Do you know which instruction generated the fault (that is, the value of
the program counter at the time the fault occurred)? It should be
obtainable from within the exception handler. I have example of how to
obtain the offending PC for Cortex-M code, but can’t recall how to do it
for Cortex-A.
Other than that - have you looked through the list of usual suspects
here: https://www.freertos.org/FAQHelp.html Pay particular attention to
the interrupt priority requirements.
Yes, the PC was 0x10101014 at the time the fault occured. This is way outside the valid program space which is 0x30000000 - 0x3800000.
I’ve read through the general FAQ and the Cortex-A specific article.
0x10101014 is 1 word above 0x10101010 which is initialized in port.c.
If i change 0x10101010 to for instance 0x12301010 in port.c, this will be reflected in the crash, where PC is now 0x12301014.
Right - agree that value almost certainly must have come from an
initialised register value - looks like it has been used to hold a byte,
hence the rest of the register is untouched. This could be a stack
issue then, where returning from a function or interrupt, etc. has
resulted in the wrong value being popped into the PC (by which I really
mean, the address used to pop the PC was wrong as the stack pointer was
wrong or stack corrupted).
I think the first thing to do is check which task was running at the
time, assuming it was a task, not an interrupt. You can do that by
adding “(tskTCB*)pxCurrentTCB” to the expressions window in the debugger
that should then decode pxCurrentTCB as a task control block structure
that can be expanded to see the task’s name as a string. Alternatively,
if you store the handles of the tasks you create, the value of
pxCurrentTCB will equal the task’s handle.
I wouldn’t say it ‘has’ to be an interrupt, but would agree it is very
likely to be an interrupt. Unless you application has added any
functionality to the idle task through an idle task hook function or a
trace macro?
No functionality has been added to the idle task.
I’ve only installed one interrupt handler on top of what the FreeRTOS port does (the tick handler). The interrupt handler is related to OpenAMP, used to communicate to the other core.
I’m not sure how to procede the debugging now, maybe you can give some tips?
After some more investigation I found out the stack trace changes when I disable optimizations.
The stack trace now becomes this:
Thread #1 57005 (Suspended : Signal : SIGTRAP:Trace/breakpoint trap)
FreeRTOS_Undefined() at port_asm_vectors.S:96 0x30000040
ucHeap() at 0x31400994
I also found that the line causing the problem is in tasks.c.
The macro traceTASK_CREATE( ) in the function prvAddNewTaskToReadyList() is defined by Tracealyzer, and it contains calls to portSET_INTERRUPT_MASK_FROM_ISR() and portCLEAR_INTERRUPT_MASK_FROM_ISR().
If I remove the portSET_INTERRUPT_MASK_FROM_ISR() and portCLEAR_INTERRUPT_MASK_FROM_ISR() calls, everything works ok.
If I don’t use Tracealyzer, I can mimic the same behaviour by adding
Are you saying the problem is in the trace macro?

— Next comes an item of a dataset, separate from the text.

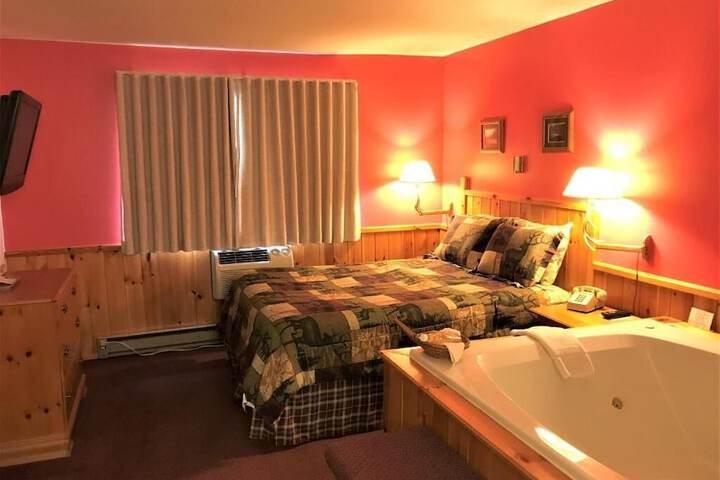 Northwoods Inn & Suites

So if you remove the
trace macros altogether (by not defining them, which makes them take
their default empty implementation) everything runs ok?
One big thing I see here is that …FROM_ISR stuff is supposed to be called from inside an ISR, while the traceTASK_CREATE isn’t going to be called from an ISR, but from a task context, so the definition in that macro sounds incorrect.

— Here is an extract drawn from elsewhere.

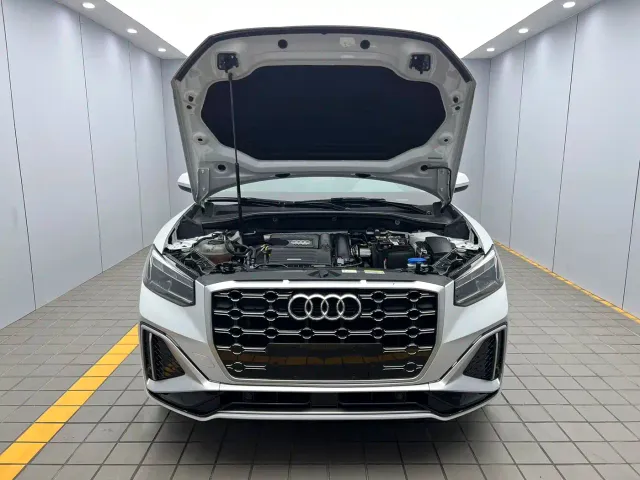 Audi Q2L — Фото автомобиля 16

If I disable Tracealyzer completely, and instead insert
portENTER_CRITICAL();
portEXIT_CRITICAL();
right after the traceTASK_SWITCHED_IN() call,
this will result in the same behaviour, the system crashes. It will execute a few thousand times before it crashes.

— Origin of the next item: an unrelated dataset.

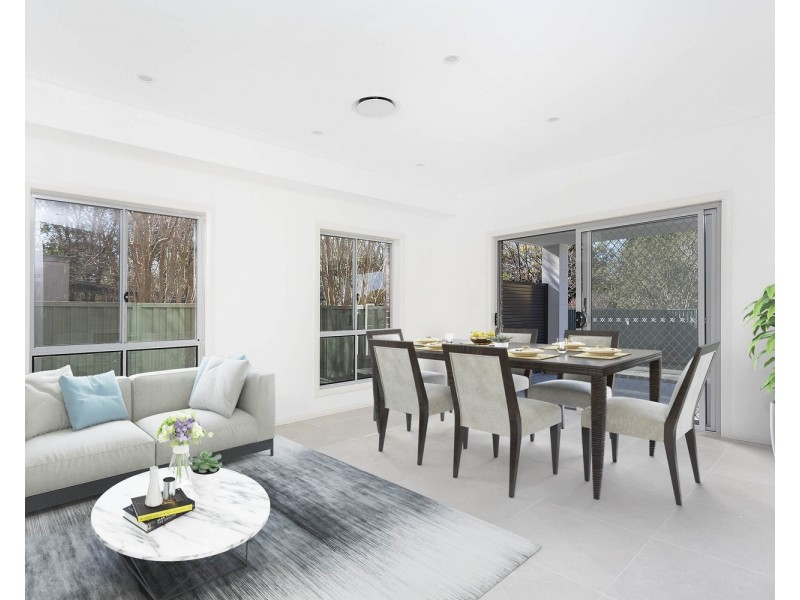 8 Monie Avenue, East Hills NSW 2213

Should the system behave ok when doing this, or is it expected to crash?
I would expect that to crash. traceTASK_SWITCHED_IN() is executed
inside an interrupt - and those macros are not interrupt safe. There
are two reasons I would not expect that to work properly: First exiting
the critical section could result in interrupts becoming enabled in a
part of the code where they should be disabled, and second those macros
are using a critical nesting count that is part of a task’s context -
each task has its own nesting count so using it in the interrupt (which
is not a task) doesn’t make sense - especially if you switch tasks
before exiting the critical section.
In this case is sounds like there could be an issue in the
implementation of the trace macro, which is provided by Percepio.
Not sure - they will enable global interrupts, but leave the interrupt
mask in the correct state, and the kernel only really uses the mask. In
that particular place (inside the context switch) they could well be
necessary.
I’ve replicated the issue on a Xilinx dev board with a “Xilinx lwIP TCP perf” example application, and the latest version of Tracealyzer, so I’m pretty sure my setup is not part of the problem.
If I recall correctly our last exchange on this was suggesting an issue
in the implementation of the trace macros, which are provided by
Percepio - so you could ask Percepio - they generally have response support.
Not sure if it is related but I had something similar on the Raspberry PI with preemptive tasking for a very interesting reason.
The trace functions are C code and when you call C code on the ARM abi the stack had to be 8 byte aligned even though the normal alignment for a local variable push etc is only 4. This means you can randomly come into the interrupt with the stack in an align 4 position. So check the stack alignment restrictions on your system as this seems to be common with ARM.
I had to make sure I aligned the stack up before calling out to c code … failing to do so would randomly crash some time later. So my Irq handler ended up looked like this
/* Save the current context */
portSAVE_CONTEXT
/* the stack pointer is 4-byte aligned at all times, but it must be 8-byte aligned */
/* to call external C code */
mov r1, sp
and r1, r1, #0x7 ;@ Ensure 8-byte stack alignment
sub sp, sp, r1 ;@ adjust stack as necessary
push {r1, lr} ;@ Store adjustment and LR_svc
bl irqHandler ;@ Call irqhandler
/* Reverse out 8 byte padding from above */
pop {r1, lr} ;@ Restore LR_svc
add sp, sp, r1 ;@ Un-adjust stack
/* restore context which includes a return from interrupt */
portRESTORE_CONTEXT